Tissus brodés, dentelles, vêtements de peau de mouton... Tradition hongroise oblige !
De petits artisans sont présents. Et même une artiste peintre. Un ferronnier travaille sur place. Joujoux pour les enfants. Poterie. Un fabricant d’arcs façon les Huns....
D’ailleurs, ils ne sont pas oubliés, les enfants.
Promenades à dos de poney
Joli petit manège, tout simple et original, manipulé à la main, où des paniers d’osiers tournicotent en tous sens pour le plus grand plaisir des tout-petits.
Quelques brocanteurs ont trouvé ici leur place, y compris un bouquiniste.
Midi. Il commence à faire sacrément chaud. Fort heureusement Liliomkert a lieu sous l’ombre bienfaisante des arbres, pour la plupart des acacias. Nous nous arrêtons, gourmands que nous sommes, croquer quelques-une de ces appétissantes denrées qui vous font monter l’eau à la bouche...
puis continuons notre flânerie.
Poisson fumé du Balaton, œufs tout frais sortis du cul de la poule.
Charcuteries maison qui font baver Oswald-le-Boche.
Pains maison qui me font saliver, moi. Je suis Française, ah mais...
Ainsi que les fromages, d’ailleurs. De chèvre ou de vache. Là, la dégustation me déçoit un peu. Ça vaut pas les fromages français. Faut bien être un peu chauvin quelque part.
Ça ne se mange pas, ça, mais qu’est-ce que ça peut sentir bon dans ce coin ! Pas moins de trois petits artisans fabriquant des savons naturels aux huiles essentielles.

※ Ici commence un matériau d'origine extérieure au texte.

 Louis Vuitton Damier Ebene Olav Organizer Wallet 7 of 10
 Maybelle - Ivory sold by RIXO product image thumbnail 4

Bien entendu les plantes ornementales ne sont pas oubliées. Oh ! Le parfum des bouquets de lavande !
Comme quoi il est toujours possible de réaliser ses rêves. Et quand le rêve d’une femme permet à plusieurs familles de vivre... N’est-ce pas merveilleux ?
Personne n’est capable, tout seul, de changer le monde. Mais si on s’y mettait quand même ? Un plus un font deux. Deux plus deux font quatre. Et ça va très vite, si on continue. Aucune part n’est trop petite. Mettons bout à bout quantité de minuscules petits gestes, et de grandes choses s’accompliront !!!!